- [What the task requires]: Repeat exactly the lines below from the line that contains "2-A las Participantes" to the last line, inclusive, without the pictures.

- [Data provided]:
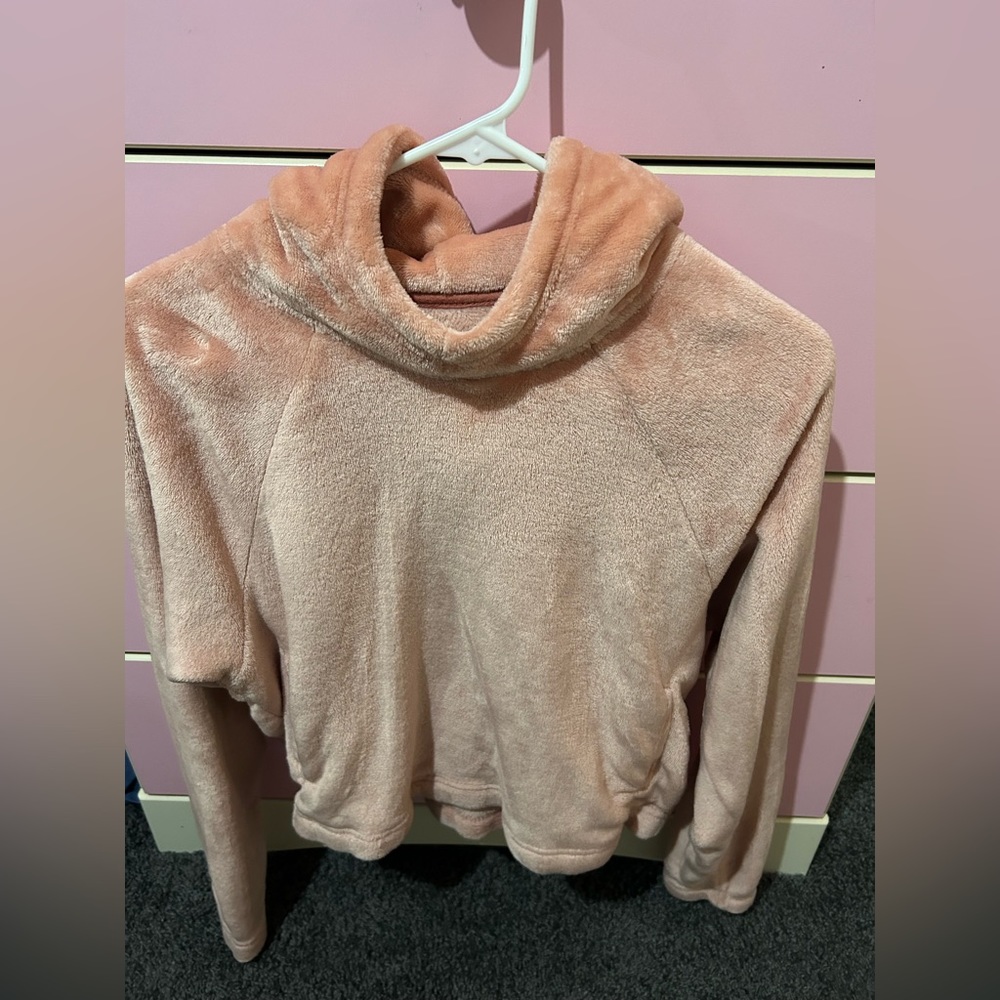 Hollister pink fuzzy cropped hoodie
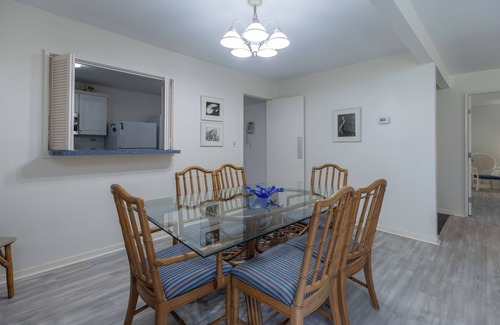 Palmetto Dunes Condo | Golf Getaway, Walk to Beach, Bikes, Renovated, QG599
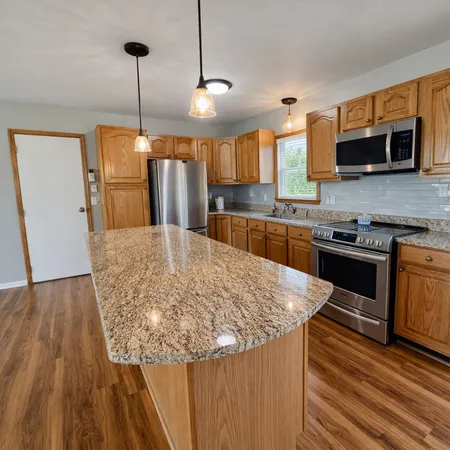 $274,900 | 7585 Jennings Lane, Brookport, IL 62910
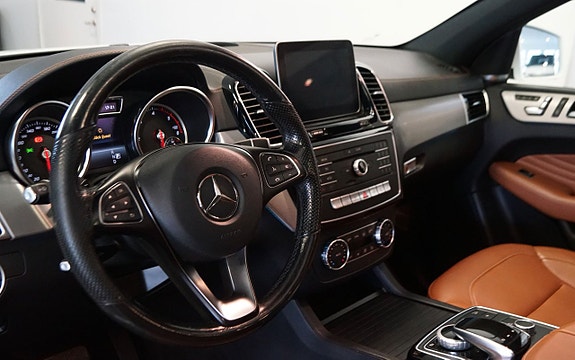 Mercedes-Benz GLE350 d 10 of 26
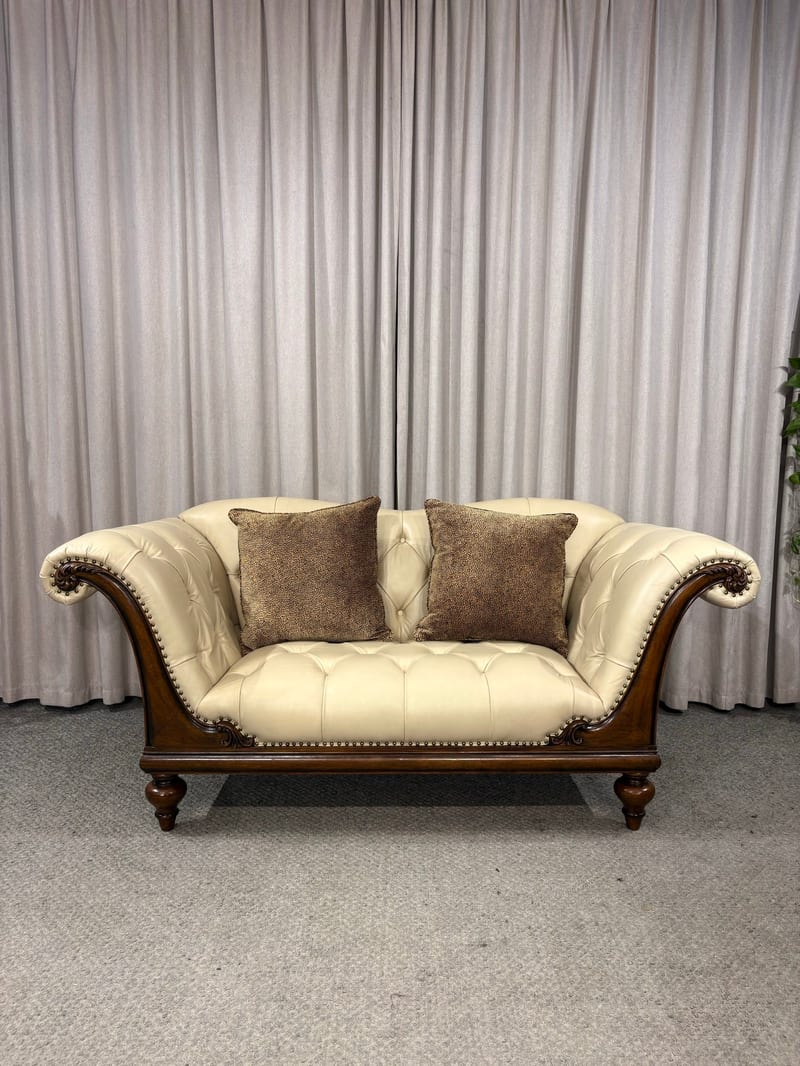 Oumuxuan 629SF American Retro Tufted Leather Loveseat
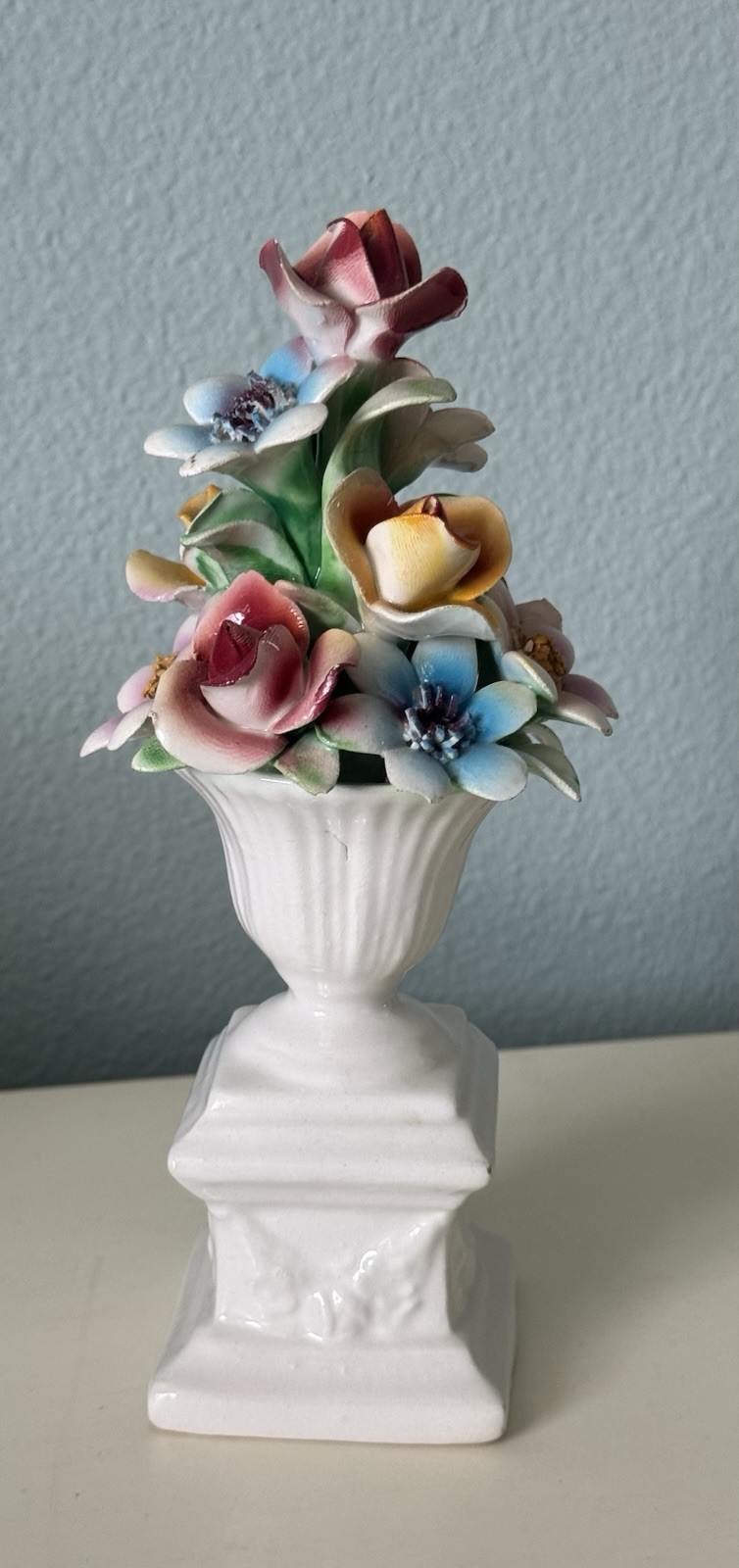 Capodimonte Style 7” Porcelain Pedestal Floral Figurine Romantic Pastel Flower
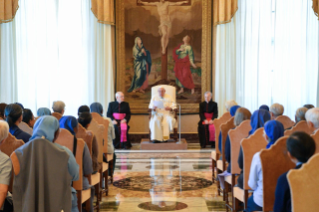 2-A las Participantes en el Capítulo General de las Hermanitas de Jesús 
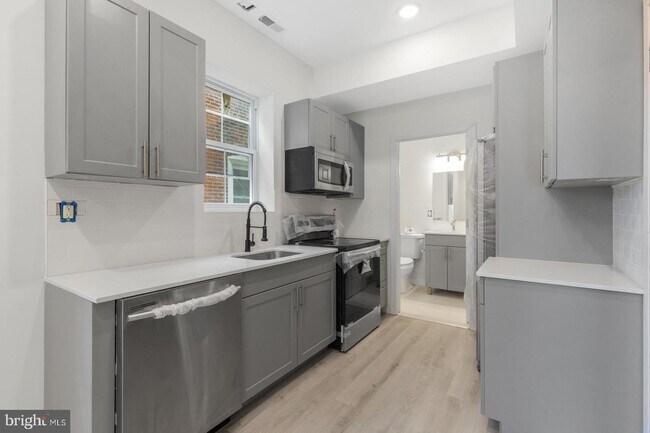 Building Photo - 223 S 45th St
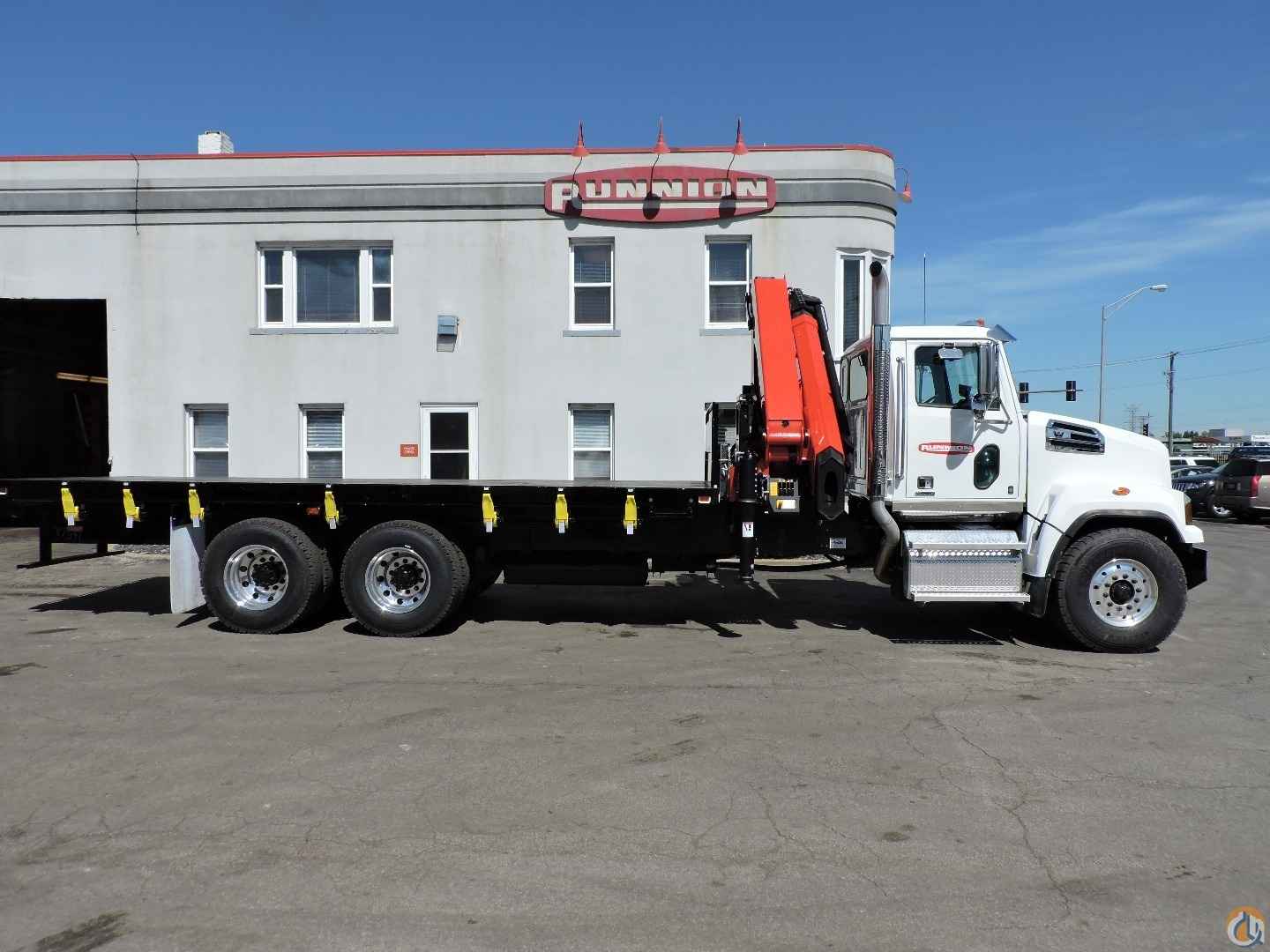 PK33002- EH, 2018 Western Star 4700SF
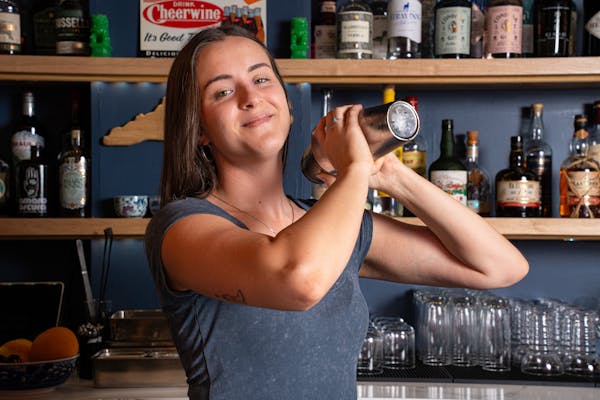 Lindsay Pierce bartender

- [Exercise output]:
 2-A las Participantes en el Capítulo General de las Hermanitas de Jesús 
 Building Photo - 223 S 45th St
 PK33002- EH, 2018 Western Star 4700SF
 Lindsay Pierce bartender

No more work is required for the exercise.